Record extracts START
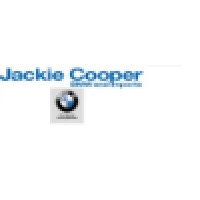 Jackie Cooper BMW logo, Jackie Cooper BMW contact details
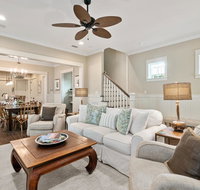 23 Red Basil Drive - Watercolor 5 Bedroom Home Dragonfly District - Accommodation Michigan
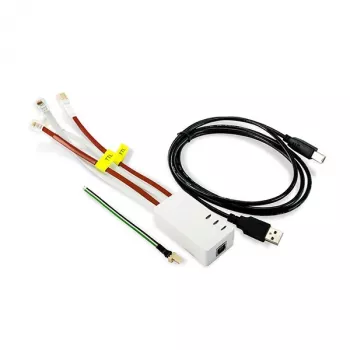 Satel USB-RS häire-/anduritarvik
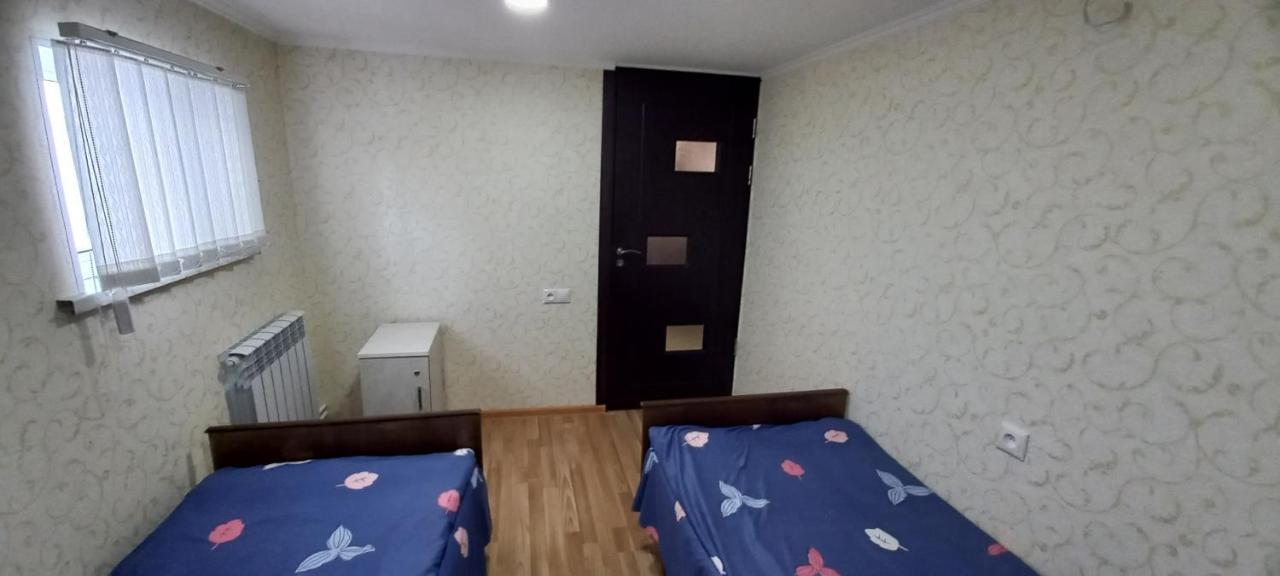 Dream House&Hostel Sewan Exterior foto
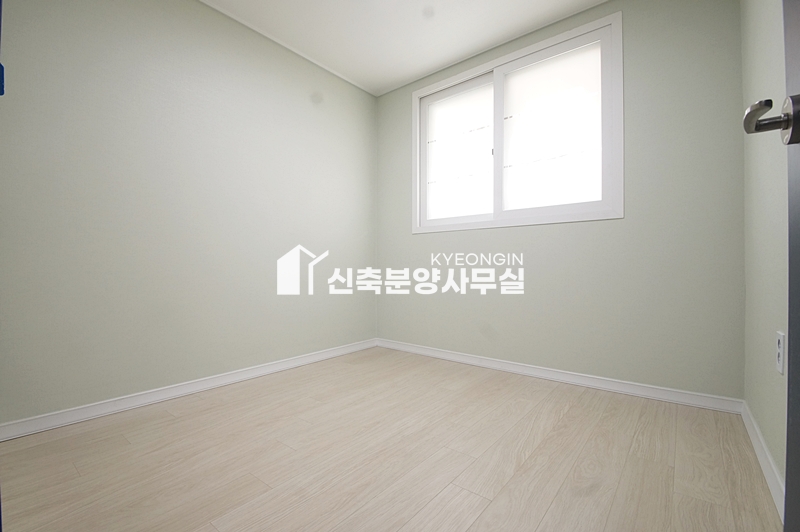 경기 부천원미구 심곡동 다올빌리지3차 [ 2룸 . 3룸 Type ] 분양 매물번호 12569 사진 25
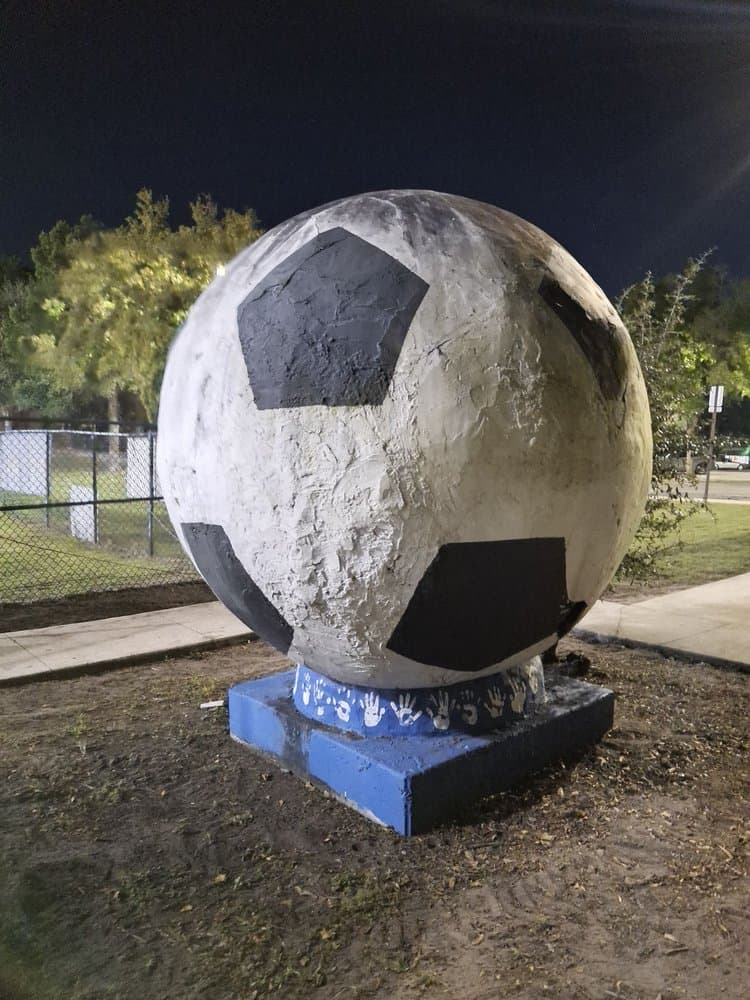 Earl Johnson Park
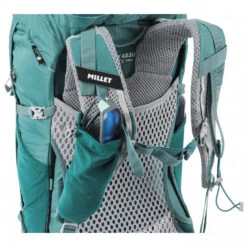 Millet Women's Seneca Air 38 - Wanderrucksack 18 Millet Women's Seneca Air 38 - Wanderrucksack -Osprey Verkäufe millet womens seneca air 38 wanderrucksack detail 9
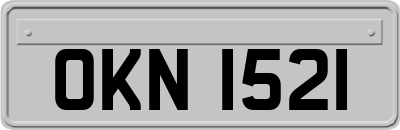 OKN1521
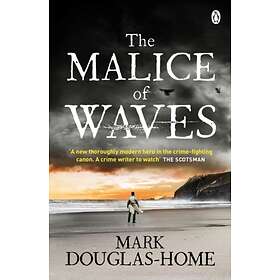 Malice Of Waves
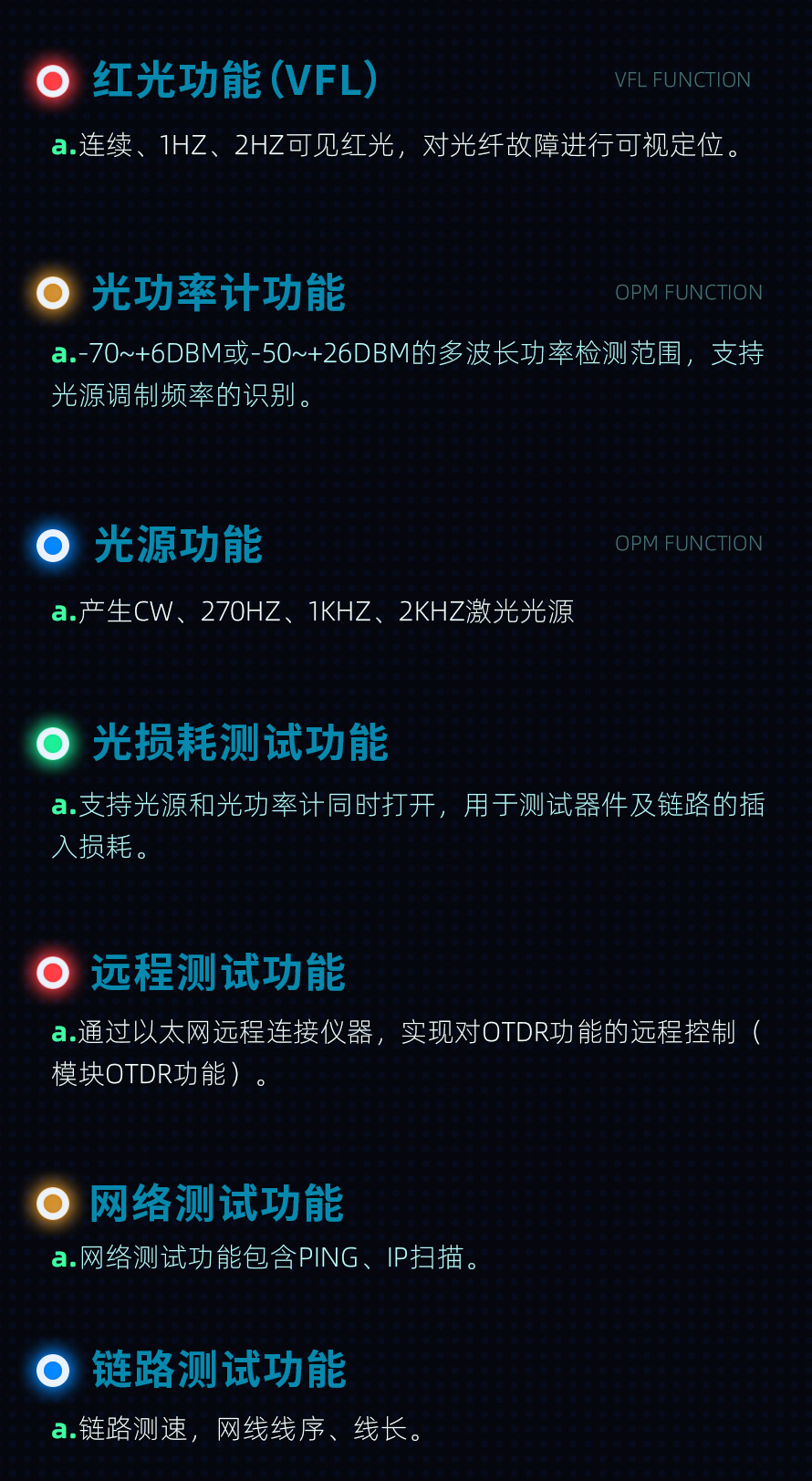 TFN F7-SM1 官方产品图文(15)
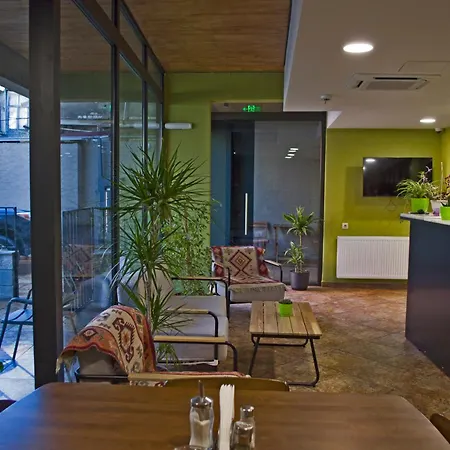 Green Inn Hotel-2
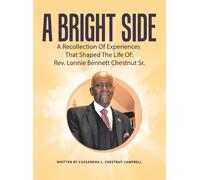 Cassandra L Chestnut Campbell A Bright Side (Copertina rigida)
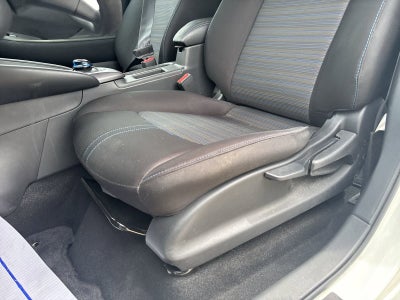 2022 Nissan LEAF S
Record extracts END
Problem:
Each line from the first line of the entries through the line containing "Earl Johnson Park" should be duplicated word for word, and nothing more; the pictures stay out.

Response for this exercise:
 Jackie Cooper BMW logo, Jackie Cooper BMW contact details
 23 Red Basil Drive - Watercolor 5 Bedroom Home Dragonfly District - Accommodation Michigan
 Satel USB-RS häire-/anduritarvik
 Dream House&Hostel Sewan Exterior foto
 경기 부천원미구 심곡동 다올빌리지3차 [ 2룸 . 3룸 Type ] 분양 매물번호 12569 사진 25
 Earl Johnson Park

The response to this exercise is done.